Fui vacinada sem grande convicção. Mas fui. Não que isso tivesse sido um acréscimo de tranquilidade significativo, no meu espírito ... só que ---

Só que hoje sou formalmente uma pessoa diferente, sou uma pessoa amargurada, torturada por esta avalanche de acontecimentos que nos submergiram, cansaram e tiraram a disponibilidade emocional.
Sou o pássaro a quem abriram a gaiola mas a quem não apetece saltar, sair, voltar para o verde e o azul lá fora.  Sou a ave que vive triste, sem se atrever outra vez ao infinito ... porque perdeu a vontade e o gosto.    
Nada é igual, nada está igual.  As pessoas envelheceram de cansaço e desânimo.  Vejo isso nos espelhos ... vejo isso nos rostos com que me cruzo.  Não serei excepção.  

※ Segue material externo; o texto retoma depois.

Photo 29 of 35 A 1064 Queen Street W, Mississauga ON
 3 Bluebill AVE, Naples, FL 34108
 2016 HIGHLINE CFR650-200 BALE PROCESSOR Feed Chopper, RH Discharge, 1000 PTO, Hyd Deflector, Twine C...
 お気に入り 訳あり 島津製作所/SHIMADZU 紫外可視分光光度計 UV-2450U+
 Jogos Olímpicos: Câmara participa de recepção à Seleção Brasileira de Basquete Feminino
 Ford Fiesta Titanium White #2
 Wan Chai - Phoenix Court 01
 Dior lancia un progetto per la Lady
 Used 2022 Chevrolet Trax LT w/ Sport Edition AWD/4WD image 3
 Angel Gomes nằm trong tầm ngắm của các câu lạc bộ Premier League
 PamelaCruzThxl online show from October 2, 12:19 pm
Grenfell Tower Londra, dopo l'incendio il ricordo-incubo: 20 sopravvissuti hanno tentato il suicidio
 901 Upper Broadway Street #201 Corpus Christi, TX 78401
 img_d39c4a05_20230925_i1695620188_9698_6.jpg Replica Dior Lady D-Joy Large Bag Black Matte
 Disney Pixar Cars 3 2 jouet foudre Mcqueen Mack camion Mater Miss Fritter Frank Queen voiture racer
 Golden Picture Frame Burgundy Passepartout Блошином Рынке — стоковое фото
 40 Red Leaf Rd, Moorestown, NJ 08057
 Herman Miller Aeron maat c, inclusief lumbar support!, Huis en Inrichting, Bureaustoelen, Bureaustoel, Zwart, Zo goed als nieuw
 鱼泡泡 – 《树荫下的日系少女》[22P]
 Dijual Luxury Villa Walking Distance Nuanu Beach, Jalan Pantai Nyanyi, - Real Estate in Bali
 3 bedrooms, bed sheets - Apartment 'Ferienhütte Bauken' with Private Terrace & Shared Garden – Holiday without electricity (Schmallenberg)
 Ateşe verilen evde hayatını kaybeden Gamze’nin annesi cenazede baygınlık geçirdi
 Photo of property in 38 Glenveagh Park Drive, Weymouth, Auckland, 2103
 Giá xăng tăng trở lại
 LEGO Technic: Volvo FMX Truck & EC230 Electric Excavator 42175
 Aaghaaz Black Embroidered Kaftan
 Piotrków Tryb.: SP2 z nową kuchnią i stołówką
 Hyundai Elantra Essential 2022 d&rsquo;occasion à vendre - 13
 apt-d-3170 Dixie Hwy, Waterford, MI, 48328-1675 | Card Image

Já poderia dar alguns curtos voos ... já poderia ir além do limiar da porta, do fim da estrada, p'ra lá do horizonte ... Mas a força anímica, o empenhamento na aposta, a energia para o arranque ... onde estão ??  Não os encontro dentro de mim !
Esse imobilismo é que me assusta, esse amorfismo é que me atormenta, essa aparente indiferença é que me incomoda ... essa angústia é que me mata !  Afinal, são sinais de morte e não de vida.  São manifestações de um tédio patológico, de um desinteresse doentio, de uma tristeza insalubre !
Não sei, não vislumbro como reaprender os passos, como reconhecer o caminho, como reinventar o sonho !
Que precisarei fazer para me reencontrar ??